Now, you wouldn’t necessarily know that until you had been "in the family" for awhile. Some things change, some things don’t. The tumult over icons is not quite the same thing. Iconoclasm was instituted by the state and resisted by the church; many faithful Christians died because they refused to trample on pictures of Jesus, whom they loved so much. The sixth and seventh ecumenical councils vindicated the use of icons and established safeguards so that icons are not worshiped or treated idolatrously. No ecumenical council rejected icons.

MR: As an Orthodox person, how do you respond to the obsession in contemporary culture with relevance, being "postmodern," etc.?
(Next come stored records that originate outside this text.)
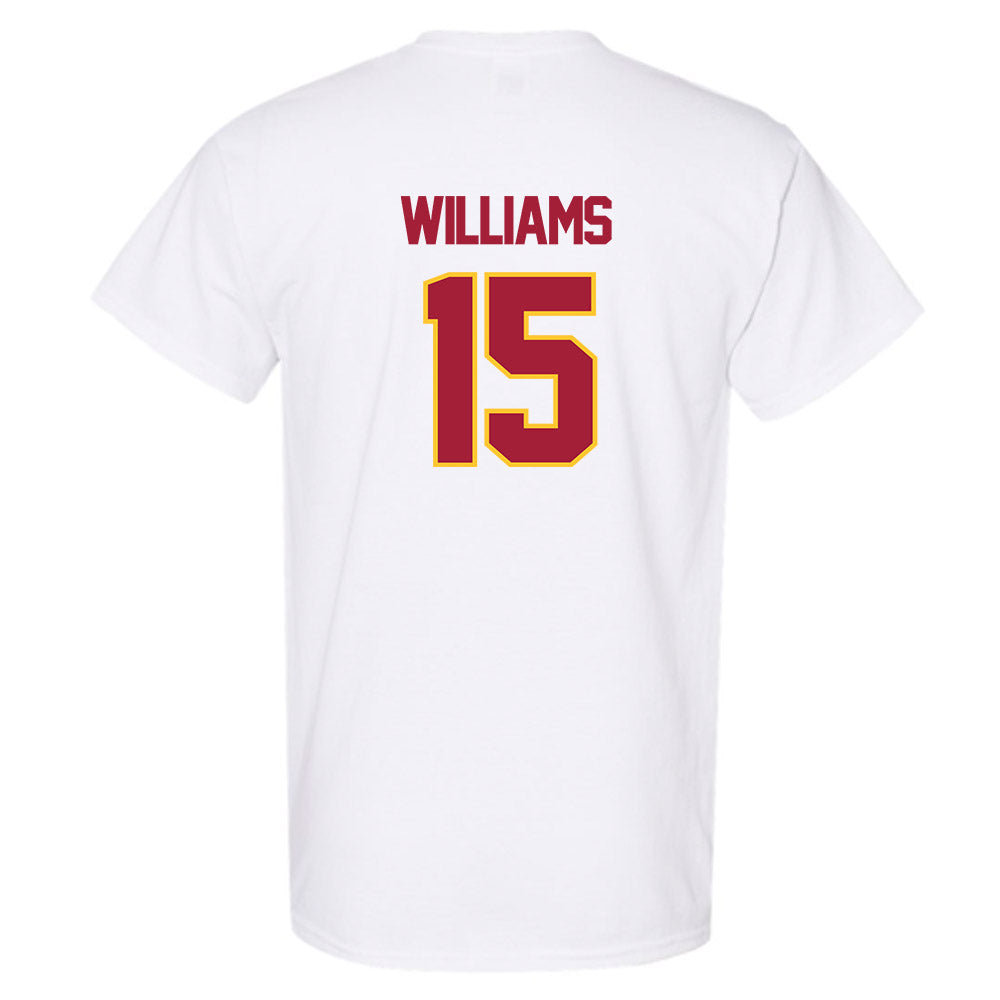 USC - NCAA Football : Jonas Williams - Sports Shersey T-Shirt-1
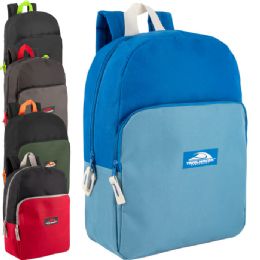 24 of 15-Inch Promo Backpack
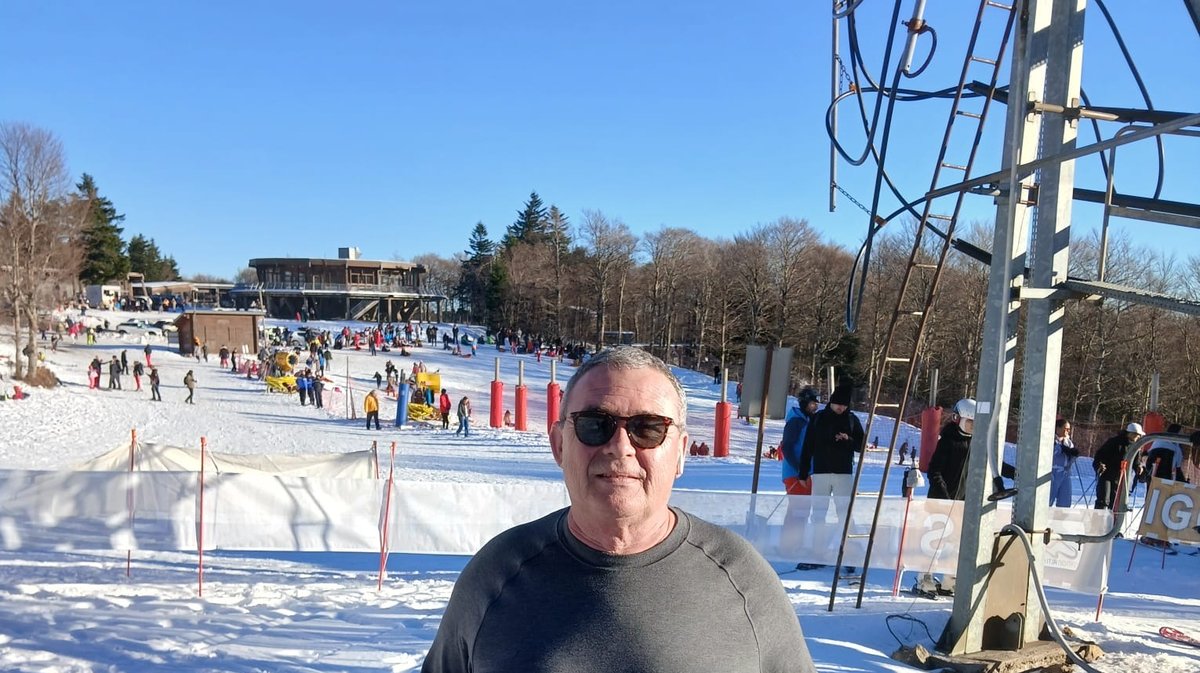 Les huit bénévoles d'Alti Aigoual ont accompagné les skieurs et lugeurs tout le weekend.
FMG: I think it’s entirely misguided. Even two old boomers like my husband and myself knew ten years ago that we didn’t want to join any church that prioritized being relevant. The Gospel is already relevant, because it’s timeless; hitching it to time-bound fashion only trivializes it. I think this insight is the wave of the future, ironically; I think that we will increasingly see it become fashionable to disdain passing fashion, a situation that makes Orthodox heads spin. For example, a friend recently told me that her Southern Baptist church has established a Celtic service, complete with chant, candles, and incense (at least until those with allergies complained). She said that boomers mostly go to the 9:30 "contemporary" service, where they can have all those middle-aged things like rock music and humor and skits. "But the older people wanted an earlier service, and the young people, of course, wanted something more traditional." Those words keep echoing in my mind: "The young people, of course, wanted something more traditional." If the church of the future wants to be up-to-the-minute, hip, and relevant, it had better look into tradition.